In this issue we call again for the use of smart intervention from the international community to prevent further bloodshed in Libya. There is a chance that the west, along with the rest of the international community, can play a genuinely positive role in the progress of this North African State.
The arguments against intervention do not add up. There is already so much western involvement in the country; in trade, oil exploration and commerce for instance, that the idea of not wanting to get involved, is untenable. There is also the very real possibility that the country becomes a failed state and a breeding ground for terrorists. The shadow of western involvement in Iraq and Afghanistan does cast a shadow over any potential intervention. Yet involvement does not need to mean full scale invasion of the country, modern technology means support can be supplied in more sophisticated ways. There is an opportunity here for the west to put humanity and the democratic principles it supposedly stands for before oil and trade. It is one it needs to take to be a true global leader.

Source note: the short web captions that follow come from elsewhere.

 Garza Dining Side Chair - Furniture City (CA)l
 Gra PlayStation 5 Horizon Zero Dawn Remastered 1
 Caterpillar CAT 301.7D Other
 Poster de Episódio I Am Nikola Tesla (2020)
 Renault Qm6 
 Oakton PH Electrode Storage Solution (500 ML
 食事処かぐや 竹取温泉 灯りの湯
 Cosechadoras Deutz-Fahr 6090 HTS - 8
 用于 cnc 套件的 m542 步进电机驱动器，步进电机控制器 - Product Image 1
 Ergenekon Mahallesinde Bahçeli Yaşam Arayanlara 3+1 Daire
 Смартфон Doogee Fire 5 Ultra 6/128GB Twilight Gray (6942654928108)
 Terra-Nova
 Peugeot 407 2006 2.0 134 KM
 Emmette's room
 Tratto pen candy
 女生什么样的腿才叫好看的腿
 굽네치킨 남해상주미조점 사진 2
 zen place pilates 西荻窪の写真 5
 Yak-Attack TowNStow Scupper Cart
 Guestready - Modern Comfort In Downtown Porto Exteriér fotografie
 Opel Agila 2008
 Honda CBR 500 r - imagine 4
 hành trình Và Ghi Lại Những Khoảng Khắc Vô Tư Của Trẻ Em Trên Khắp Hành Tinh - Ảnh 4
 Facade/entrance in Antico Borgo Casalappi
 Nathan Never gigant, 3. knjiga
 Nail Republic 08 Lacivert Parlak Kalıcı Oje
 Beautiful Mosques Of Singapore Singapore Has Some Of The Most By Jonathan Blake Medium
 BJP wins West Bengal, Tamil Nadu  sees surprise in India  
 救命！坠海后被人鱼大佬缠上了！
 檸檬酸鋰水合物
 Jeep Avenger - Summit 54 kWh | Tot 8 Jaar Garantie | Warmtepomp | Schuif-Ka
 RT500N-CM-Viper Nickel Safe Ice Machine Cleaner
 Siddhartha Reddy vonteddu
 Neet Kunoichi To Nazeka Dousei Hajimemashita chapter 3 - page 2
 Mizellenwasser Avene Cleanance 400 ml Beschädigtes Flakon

Across Africa there is a need for democratic leaders to also be a voice calling for a concerted end to Gaddafi’s despotic regime. As the continent’s largest economy, and arguably democracy, South Africa has the opportunity to lead Africa in the call for greater democracy in the continent, from Libya to Ivory Coast and next door Zimbabwe. South Africa’s strength is growing, so too should its influence. It can and should represent a new direction for the African Union and the presentation of Africa to the world; as a progressive democratic continent that rejects despots and dictators.
Elsewhere in this edition and in the continent Britain has been lees restrained over its involvement. The Department of International Development (DfID) has expanded its aid programmes to five African countries. The increase in funds to these countries comes after a review of International aid. The review will also see aid to six African nations slashed as the department shifts its focus to try and help out those who are most in need. It is an attempt to get greater results without altering the amount of money spent.
March also saw celebrations of International Woman’s Day. We acknowledge the day with a look at the persistence of gender inequality in agriculture. We examine how discrimination that denies women who work in agriculture the same access to resources as their male counterparts is detrimental to womanhood, the family, and productivity of the land as well as being reprehensible.